In the end, though, Depp rebels with such wicked good humor that you've got to like the guy. When asked recently what real-life characters he longs to play, Depp cited Le Petomane, a turn-of-the-century Parisian cabaret performer who boasted a unique talent--he tooted grand opera from his anus. "You have to admire anyone with such control of his ... instrument," Depp explained to Playboy. "What a hysterical scene when he discovers his gift. That's a role I'd do in a minute."
By comparison, Depp's latest movie, Fear and Loathing in Las Vegas, which opens this month, seems positively mainstream. He stars as one of the great rebels of modern journalism--the booze-guzzling, acid-dropping antiestablishment Rolling Stone chronicler, Dr. Hunter S. Thompson. For Depp, Thompson's in your-face character is a real departure from the gallery of ephemeral oddballs and sweet misfits he has already claimed as his own. Among the most dazzling of these are a schizophrenic who believes he's the famed Latin lover in Don Juan DeMarco; a B-movie director and cross-dresser with a special feel for angora in Ed Wood; and an abandoned creature with cutlery fingers and a desperate need to fit into suburbia in Edward Scissorhands. Even Donnie Brasco, last year's more conventional star turn, showcased Depp as Joe Pistone, an FBI agent who spent years undercover to infiltrate the mob, only to end up fitting in nowhere.
Clearly, Depp's attraction to outsiders stems from his own sense of exclusion from the mainstream. "I don't feel part of anything. I don't feel I can fit in with the whole shebang," he once admitted to Cosmopolitan. The way Depp tells it, "the Tom Cruise thing," or megastardom, holds no appeal for him. He passed up offers to earn big bucks as Lestat in Interview with the Vampire (a part that eventually went to Cruise) and as the male lead in Speed, in favor of mincing around in high heels and sweater sets as Ed Wood. "I'm not Blockbuster Boy," he told Vanity Fair last year. "I never wanted to be." He insists he would never do commercial projects to bankroll riskier ones. "I would feel untrue to myself, untrue to the people who appreciate the choices I've made," he explained. "For me, the career thing has to be a little purer, more organic."
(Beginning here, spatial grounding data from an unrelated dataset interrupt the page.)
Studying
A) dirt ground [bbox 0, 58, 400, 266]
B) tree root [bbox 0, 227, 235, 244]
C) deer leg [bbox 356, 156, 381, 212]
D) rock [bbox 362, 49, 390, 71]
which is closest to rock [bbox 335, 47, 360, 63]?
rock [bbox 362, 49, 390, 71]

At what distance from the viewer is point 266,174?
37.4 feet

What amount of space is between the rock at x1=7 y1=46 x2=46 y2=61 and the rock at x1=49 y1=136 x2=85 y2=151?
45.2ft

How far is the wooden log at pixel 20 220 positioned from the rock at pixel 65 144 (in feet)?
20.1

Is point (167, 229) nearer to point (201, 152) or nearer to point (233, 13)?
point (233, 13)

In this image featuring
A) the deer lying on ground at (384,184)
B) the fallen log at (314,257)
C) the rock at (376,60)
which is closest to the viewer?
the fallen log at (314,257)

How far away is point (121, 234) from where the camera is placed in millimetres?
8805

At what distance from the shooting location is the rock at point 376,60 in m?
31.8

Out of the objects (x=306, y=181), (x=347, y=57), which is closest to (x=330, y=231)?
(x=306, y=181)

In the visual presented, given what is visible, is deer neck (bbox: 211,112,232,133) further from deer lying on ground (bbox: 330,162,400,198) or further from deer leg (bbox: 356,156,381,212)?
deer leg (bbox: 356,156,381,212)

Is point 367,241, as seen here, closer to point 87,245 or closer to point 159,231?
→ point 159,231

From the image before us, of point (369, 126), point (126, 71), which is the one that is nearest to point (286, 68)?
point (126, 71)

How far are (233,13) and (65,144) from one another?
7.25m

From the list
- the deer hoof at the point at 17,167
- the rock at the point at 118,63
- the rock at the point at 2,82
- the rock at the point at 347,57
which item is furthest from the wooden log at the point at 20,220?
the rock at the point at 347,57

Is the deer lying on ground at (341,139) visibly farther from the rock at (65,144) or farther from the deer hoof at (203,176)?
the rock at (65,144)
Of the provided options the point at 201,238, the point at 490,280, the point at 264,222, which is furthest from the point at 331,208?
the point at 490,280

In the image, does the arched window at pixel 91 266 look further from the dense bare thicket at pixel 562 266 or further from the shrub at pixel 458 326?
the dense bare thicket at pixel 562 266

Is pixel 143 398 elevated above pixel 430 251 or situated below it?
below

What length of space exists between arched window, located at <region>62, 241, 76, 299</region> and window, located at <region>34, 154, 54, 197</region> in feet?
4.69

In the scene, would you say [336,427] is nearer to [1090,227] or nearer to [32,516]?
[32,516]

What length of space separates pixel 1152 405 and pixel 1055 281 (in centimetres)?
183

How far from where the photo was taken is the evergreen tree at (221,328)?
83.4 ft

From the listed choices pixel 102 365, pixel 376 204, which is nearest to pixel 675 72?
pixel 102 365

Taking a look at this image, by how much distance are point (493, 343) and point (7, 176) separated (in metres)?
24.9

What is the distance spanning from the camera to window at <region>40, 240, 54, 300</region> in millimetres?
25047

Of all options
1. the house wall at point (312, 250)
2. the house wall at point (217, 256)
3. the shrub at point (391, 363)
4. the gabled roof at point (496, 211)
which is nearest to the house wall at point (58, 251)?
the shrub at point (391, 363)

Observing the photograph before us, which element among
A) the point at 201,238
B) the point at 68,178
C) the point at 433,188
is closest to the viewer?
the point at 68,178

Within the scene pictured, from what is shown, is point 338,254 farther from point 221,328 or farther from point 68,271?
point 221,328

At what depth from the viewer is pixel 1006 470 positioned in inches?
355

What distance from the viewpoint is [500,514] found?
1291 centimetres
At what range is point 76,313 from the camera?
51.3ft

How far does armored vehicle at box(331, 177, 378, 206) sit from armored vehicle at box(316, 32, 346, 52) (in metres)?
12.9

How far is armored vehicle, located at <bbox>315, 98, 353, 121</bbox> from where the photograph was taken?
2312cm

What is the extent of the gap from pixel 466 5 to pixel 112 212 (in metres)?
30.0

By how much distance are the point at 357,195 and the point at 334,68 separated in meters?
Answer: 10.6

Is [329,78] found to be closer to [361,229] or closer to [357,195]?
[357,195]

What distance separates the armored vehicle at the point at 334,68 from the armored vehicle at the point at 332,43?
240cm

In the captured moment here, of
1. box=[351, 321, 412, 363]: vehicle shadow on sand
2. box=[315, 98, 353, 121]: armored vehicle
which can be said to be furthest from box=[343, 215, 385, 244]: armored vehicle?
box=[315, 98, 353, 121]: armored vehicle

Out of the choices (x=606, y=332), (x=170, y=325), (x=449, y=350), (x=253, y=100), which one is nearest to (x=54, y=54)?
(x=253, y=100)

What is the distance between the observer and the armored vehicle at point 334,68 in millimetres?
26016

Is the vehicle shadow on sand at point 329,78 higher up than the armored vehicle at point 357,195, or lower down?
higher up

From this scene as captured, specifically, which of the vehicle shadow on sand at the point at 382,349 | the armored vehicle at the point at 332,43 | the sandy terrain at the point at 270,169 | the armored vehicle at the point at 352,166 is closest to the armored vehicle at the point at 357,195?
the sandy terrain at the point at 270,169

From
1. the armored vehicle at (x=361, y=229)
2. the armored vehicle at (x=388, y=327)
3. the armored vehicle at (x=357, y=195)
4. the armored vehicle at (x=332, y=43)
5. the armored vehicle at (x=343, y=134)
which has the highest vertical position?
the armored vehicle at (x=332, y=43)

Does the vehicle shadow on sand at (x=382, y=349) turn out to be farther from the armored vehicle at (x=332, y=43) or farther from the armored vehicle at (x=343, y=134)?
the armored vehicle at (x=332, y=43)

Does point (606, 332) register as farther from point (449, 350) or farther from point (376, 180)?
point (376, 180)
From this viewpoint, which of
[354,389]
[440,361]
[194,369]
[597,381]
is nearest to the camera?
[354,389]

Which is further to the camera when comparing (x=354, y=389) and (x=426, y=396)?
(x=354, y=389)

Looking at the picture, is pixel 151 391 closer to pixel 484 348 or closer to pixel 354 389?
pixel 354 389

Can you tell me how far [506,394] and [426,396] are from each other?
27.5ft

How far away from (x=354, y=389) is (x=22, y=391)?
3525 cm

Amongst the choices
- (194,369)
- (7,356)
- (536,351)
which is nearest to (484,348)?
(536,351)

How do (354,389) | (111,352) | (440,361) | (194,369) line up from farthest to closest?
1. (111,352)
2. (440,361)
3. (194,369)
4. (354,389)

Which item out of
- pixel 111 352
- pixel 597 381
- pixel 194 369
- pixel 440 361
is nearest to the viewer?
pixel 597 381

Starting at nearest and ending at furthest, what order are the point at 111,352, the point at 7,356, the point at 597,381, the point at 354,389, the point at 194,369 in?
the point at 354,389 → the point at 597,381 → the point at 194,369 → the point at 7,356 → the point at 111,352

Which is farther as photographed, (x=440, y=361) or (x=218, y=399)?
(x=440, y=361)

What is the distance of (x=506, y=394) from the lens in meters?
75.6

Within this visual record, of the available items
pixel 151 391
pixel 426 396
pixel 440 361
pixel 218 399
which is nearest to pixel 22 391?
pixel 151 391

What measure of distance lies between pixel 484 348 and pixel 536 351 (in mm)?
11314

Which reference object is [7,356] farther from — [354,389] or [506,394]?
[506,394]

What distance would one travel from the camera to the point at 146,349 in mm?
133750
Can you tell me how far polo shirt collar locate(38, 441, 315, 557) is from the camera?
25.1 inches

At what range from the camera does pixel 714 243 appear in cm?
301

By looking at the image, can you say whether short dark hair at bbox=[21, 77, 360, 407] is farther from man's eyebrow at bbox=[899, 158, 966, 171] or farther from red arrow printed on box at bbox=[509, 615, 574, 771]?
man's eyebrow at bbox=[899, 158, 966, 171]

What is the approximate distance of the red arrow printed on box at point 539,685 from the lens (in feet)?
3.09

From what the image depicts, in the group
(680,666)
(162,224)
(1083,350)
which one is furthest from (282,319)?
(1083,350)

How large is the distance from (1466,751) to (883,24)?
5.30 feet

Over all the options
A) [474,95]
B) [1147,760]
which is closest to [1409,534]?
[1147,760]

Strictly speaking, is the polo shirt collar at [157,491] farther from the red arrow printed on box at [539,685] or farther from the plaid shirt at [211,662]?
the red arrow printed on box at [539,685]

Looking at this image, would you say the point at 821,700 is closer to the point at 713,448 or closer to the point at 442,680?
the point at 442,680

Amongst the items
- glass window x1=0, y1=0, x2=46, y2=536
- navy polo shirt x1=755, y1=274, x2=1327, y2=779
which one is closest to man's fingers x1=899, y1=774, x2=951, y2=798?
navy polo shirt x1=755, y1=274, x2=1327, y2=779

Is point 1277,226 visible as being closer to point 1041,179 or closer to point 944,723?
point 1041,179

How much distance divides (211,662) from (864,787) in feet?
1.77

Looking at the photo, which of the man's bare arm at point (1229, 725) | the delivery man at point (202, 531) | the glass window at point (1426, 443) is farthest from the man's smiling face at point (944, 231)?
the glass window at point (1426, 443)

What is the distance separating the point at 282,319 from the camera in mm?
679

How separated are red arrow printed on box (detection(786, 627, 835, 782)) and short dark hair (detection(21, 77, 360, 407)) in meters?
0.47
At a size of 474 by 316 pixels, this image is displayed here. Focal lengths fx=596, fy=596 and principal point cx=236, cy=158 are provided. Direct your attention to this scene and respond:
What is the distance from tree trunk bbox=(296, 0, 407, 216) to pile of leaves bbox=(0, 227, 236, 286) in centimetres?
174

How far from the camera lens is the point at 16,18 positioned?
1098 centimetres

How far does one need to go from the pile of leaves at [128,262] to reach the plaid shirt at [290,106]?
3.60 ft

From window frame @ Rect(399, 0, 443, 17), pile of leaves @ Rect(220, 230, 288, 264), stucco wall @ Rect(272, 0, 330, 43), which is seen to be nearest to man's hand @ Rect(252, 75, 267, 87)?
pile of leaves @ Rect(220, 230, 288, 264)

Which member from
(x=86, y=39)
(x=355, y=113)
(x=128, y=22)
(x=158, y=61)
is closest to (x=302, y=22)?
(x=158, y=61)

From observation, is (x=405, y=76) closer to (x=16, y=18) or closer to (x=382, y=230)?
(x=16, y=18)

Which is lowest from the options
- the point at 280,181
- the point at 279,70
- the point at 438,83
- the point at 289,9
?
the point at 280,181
All this from a guy who became an actor by accident. John Christopher Depp II was born in Owensboro, Kentucky, on June 9, 1963, the youngest of four children of Betty Sue, a waitress, and John, a city engineer. During his early years his family moved so often that he has said, "I don't even have a mental picture of the house we lived in, because there were so many. We were like gypsies." When he was six, the family moved to Miramar, Florida, where Johnny, his two sisters, brother D.P., and both parents lived in a motel for a year until John Sr. could secure a job. Unfortunately, Johnny's parents' relationship grew ever more cantankerous, and when he was ten they split up. From then on,Johnny was forced to pick up child-support payments from his father every week.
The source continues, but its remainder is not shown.